*** Supplied data ***

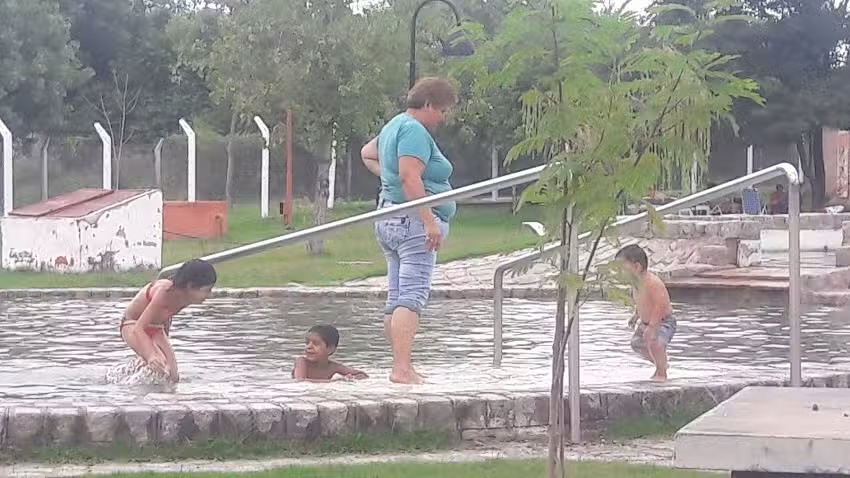 Camping la Olla Departamentos-caba as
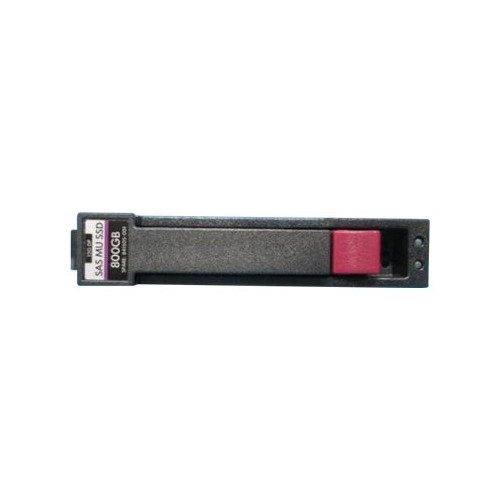 Hewlett Packard Enterprise HPE Mixed Use - SSD - 800 GB - SAS 12Gb/s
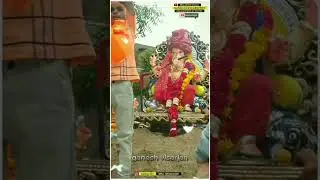 Ganpati Visarjan | Ganesh Visarjan | Ganpati Bappa Morya | #shorts #ganpativisarjan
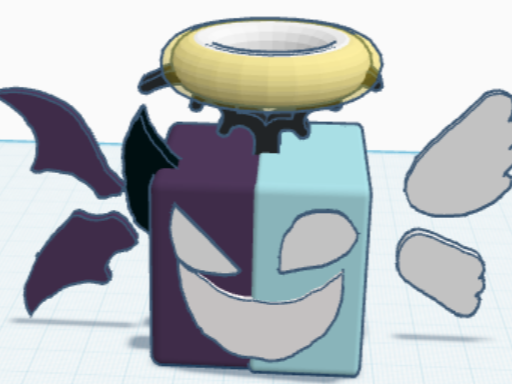 Spirit Fruit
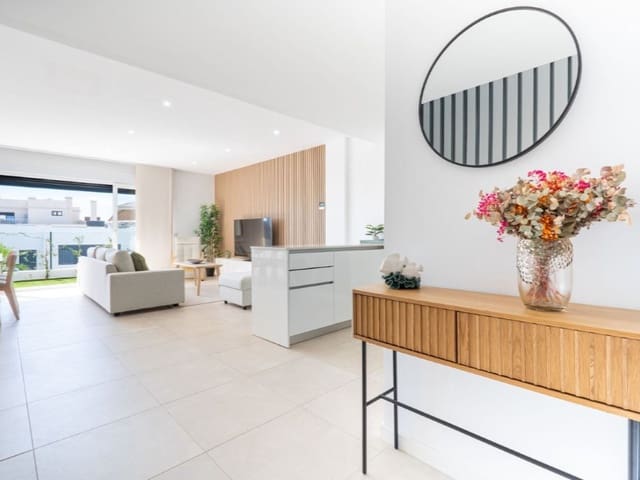 4 bedroom Townhouse for sale in La Cala de Mijas, Mijas with pool garage - € 899,000 (Ref: 9576493)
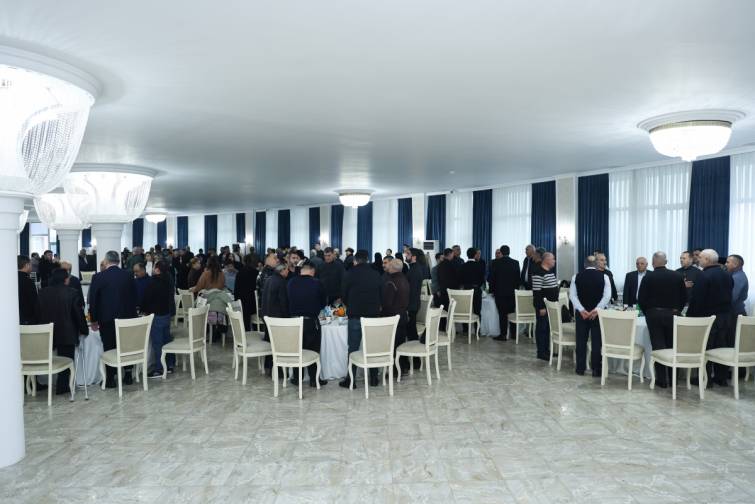 ASCO-da 20 Yanvar faciəsinin 36-cı ild&ouml;n&uuml;m&uuml; ilə əlaqədar anım tədbiri ke&ccedil;irilib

*** End of Supplied data ***

Task brief -> The records above are to be repeated exactly, with the pictures left out.

Written answer ->
 Camping la Olla Departamentos-caba as
 Hewlett Packard Enterprise HPE Mixed Use - SSD - 800 GB - SAS 12Gb/s
 Ganpati Visarjan | Ganesh Visarjan | Ganpati Bappa Morya | #shorts #ganpativisarjan
 Spirit Fruit
 4 bedroom Townhouse for sale in La Cala de Mijas, Mijas with pool garage - € 899,000 (Ref: 9576493)
 ASCO-da 20 Yanvar faciəsinin 36-cı ild&ouml;n&uuml;m&uuml; ilə əlaqədar anım tədbiri ke&ccedil;irilib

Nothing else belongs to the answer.